Williamson and Crutchfield met in 2017 and had grown close, particularly as the pandemic scotched the tours supporting their respective 2020 career-best releases, albums they mutually loved. They had ambition but not quite the kind of energy it takes to return to the studio alone for another turn. So they cooked up Plains as a special project that would let them freely explore their love of country music. They’ve noted the legendary Trio album as a touchstone, not that Dolly Parton, Emmylou Harris and Linda Ronstadt needed to get back to their roots, but that sound, with high flying harmony and simpler song structures, lights up the Plains album from its first measures. The artists have slipped easily and naturally into a space with less artifice and more blues, less angst and more open road.
Williamson contributed “Abilene,” a lilting country waltz suspended between a disappointing past and a windshield-forward future. Its line “Texas in my rearview/Plains in my heart” loans the duo project its name while evoking soft, flat landscapes as a metaphor for the place on which a self must be built.
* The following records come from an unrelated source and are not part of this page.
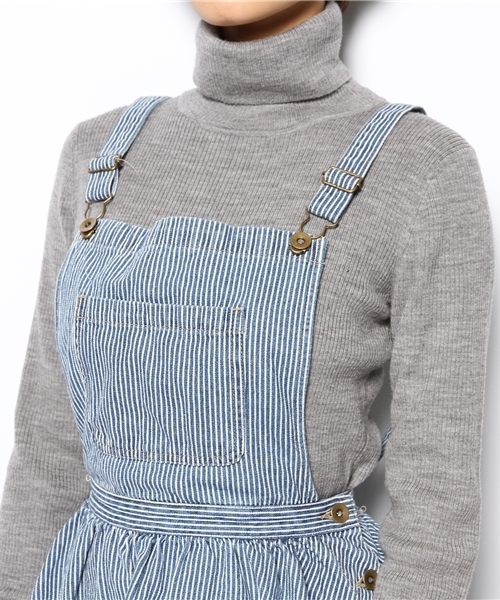 WEGO（ウィゴー）の「WEGO/デニムフレアジャンパースカート（デニムスカート・レディース・ホワイト/インディゴブルー/ストライプ・FREE）」の8枚目の写真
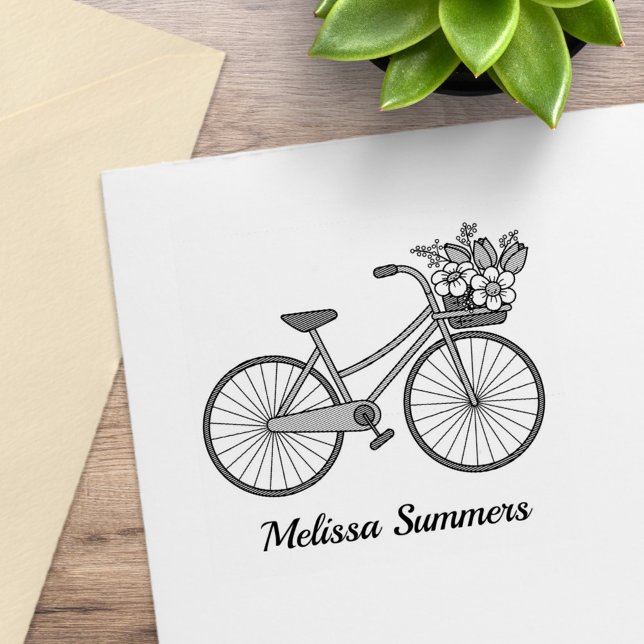 Bike with a Flower Basket Custom Name Rubber Stamp (Creator Uploaded)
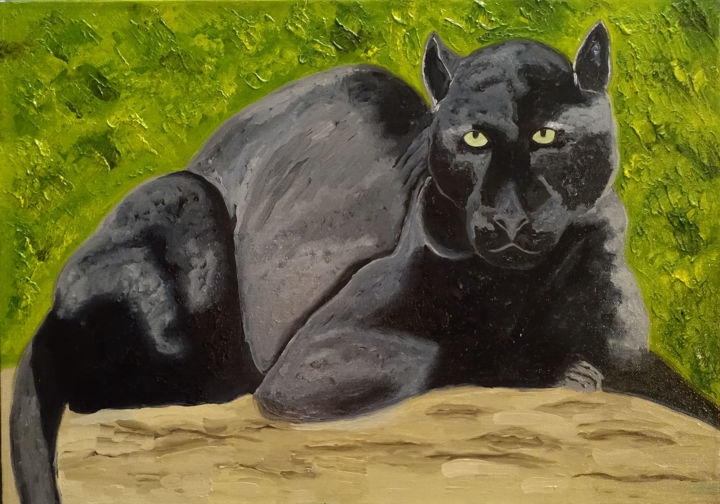 Painting titled "Panther" by Elena Voinova, Original Artwork, Oil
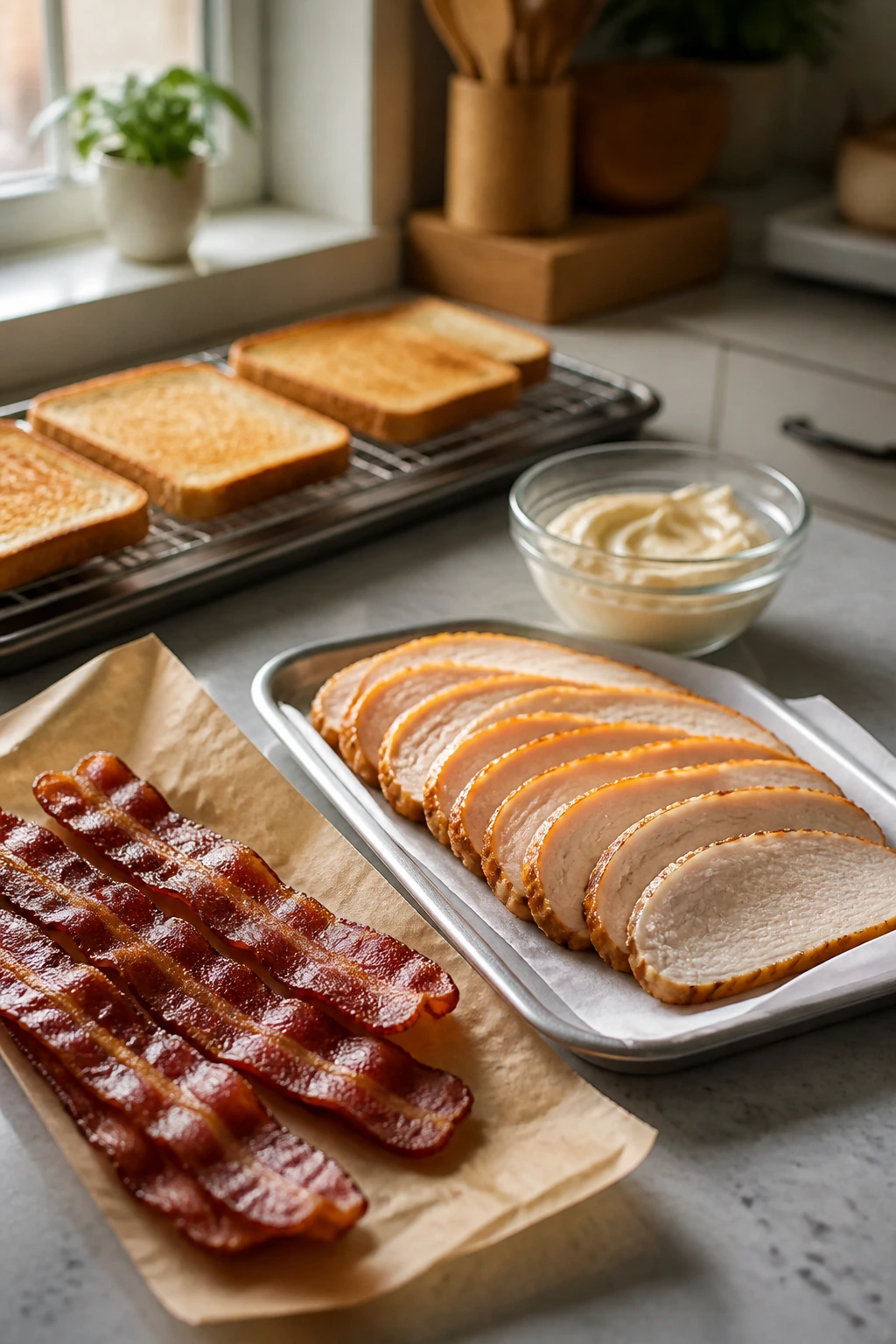 Kitchen prep scene with bacon, turkey, and mayo for make-ahead turkey club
That’s followed, at the heart of the album, with Crutchfield’s “Hurricane,” in which her voice recasts its idiosyncrasies from the cool remove of indie rock to a warbling poignancy in the country context. The lyrics about a woman’s complexities make for a dreamy, thought-provoking chorus. Throughout, the union of these voices is more rapturous and book-matched than one might guess from their individual bodies of work. The story of mutual musical discovery, friendship and collaboration recalls the Highwomen and the 2021 duo of Jade Jackson and Aubrie Sellers, but while that connection pointed them toward full-tilt rock and roll, Plains feels like a big, relaxed exhale, a soft place to land.
The album doesn’t lag in the second half either. They pull in one cover, a stripped bare cowboy waltz by Texas artist Hoyt Van Tanner. “Last 2 On Earth” features a rolling piano and Crutchfield lyrics that find the singer in a happier relationship, possibly because here there’s a co-writer, her partner Kevin Morby. “Easy” might be the prettiest song in the collection. Then Jess Williamson’s lead vocal gently ushers us out with her album title track “I Walked With You A Ways.” It’s about the impermanence of many of our relationships and the importance of fully appreciating them in any event. That’s good advice for considering this magical collaboration. Jess and Katie may or may not record or tour again, so this keepsake of 2022 and the remaining shows on the calendar are all to be savored all the more.